Anyway, seems like a cool little vehicle, still in its infancy, I'm hardly a huge die-hard eco-head but I like the idea of saving $$ on gas and the tax incentives are definitely there to help out. Although I won't be taking it to Maine or New Hampshire skiing in the fall, that's for sure !


----------



## ctenidae (Jul 25, 2011)

I think it's still far too early to make any judgements on maintenance costs, but I would point to teh Prius, where the biggest ocncern was replacing the batteries. As it turns out, there's still nto much evidence on how bad it is to replace the packs, since they all seem to be lasting a lot longer than expected. So, there's that.

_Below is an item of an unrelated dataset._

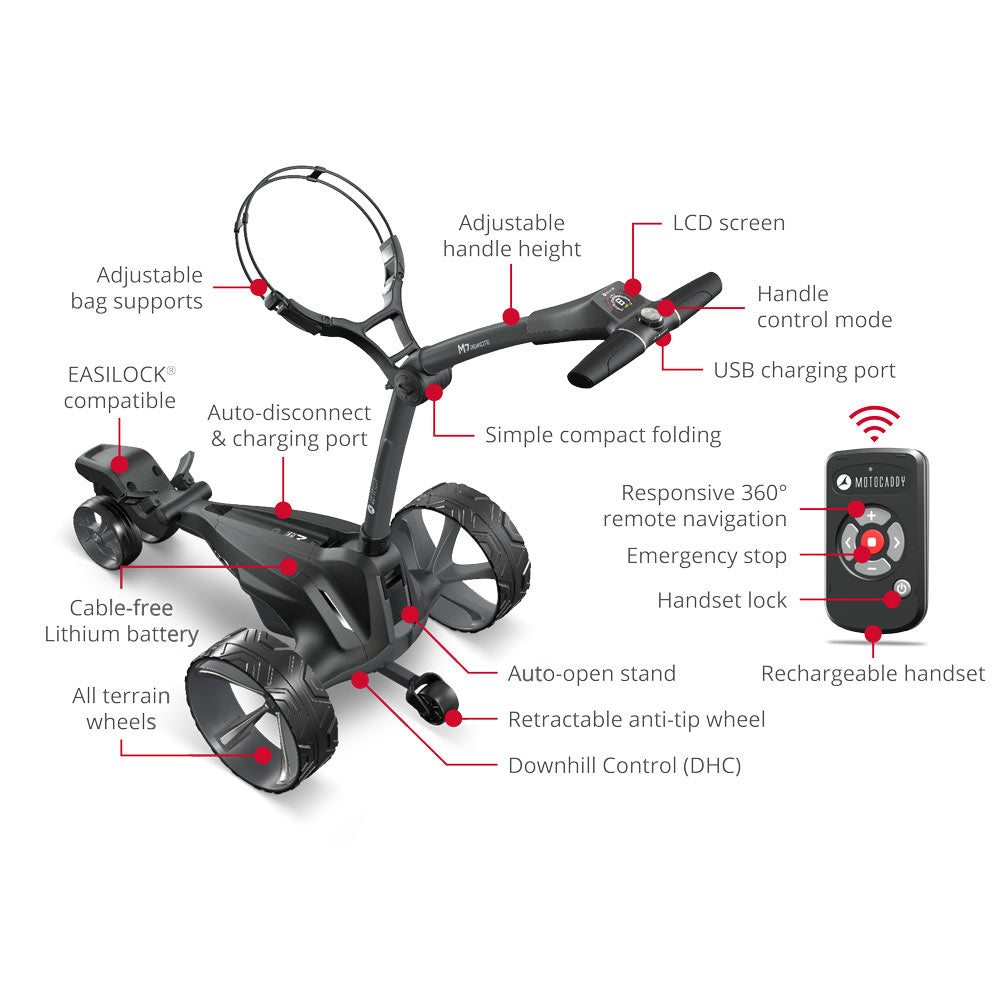 Motocaddy M7 Remote '25 Electric Trundler w/ M7 Ultra Lithium Battery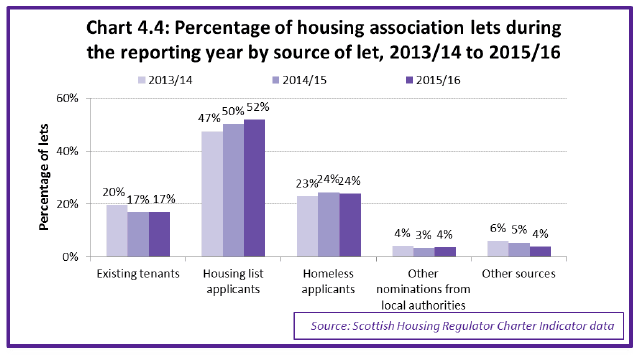 Chart 4.4: Percentage of housing association lets during the reporting year by source of let, 2013/14 to 2015/16 Chart 4.4: Percentage of housing association lets during the reporting year by source of let, 2013/14 to 2015/16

I'm considering a similar idea, couple a shroter range EV for my commute, and having a gas vehicle (or hybrid, depending on what's available and value), for longer range stuff. Friday and Saturday made me wonder, though- it took me over an hour to go 16 miles on Friday, with the car thermometer reading 110 the whole way. Would a Leaf have been able to manage that, with the AC running (no way you could just sit with the windows down in 110 degree stop and go traffic).


----------



## Nick (Jul 25, 2011)

Yeah, that's a really good point. It would absolutely suck to run out of electricity (haha). 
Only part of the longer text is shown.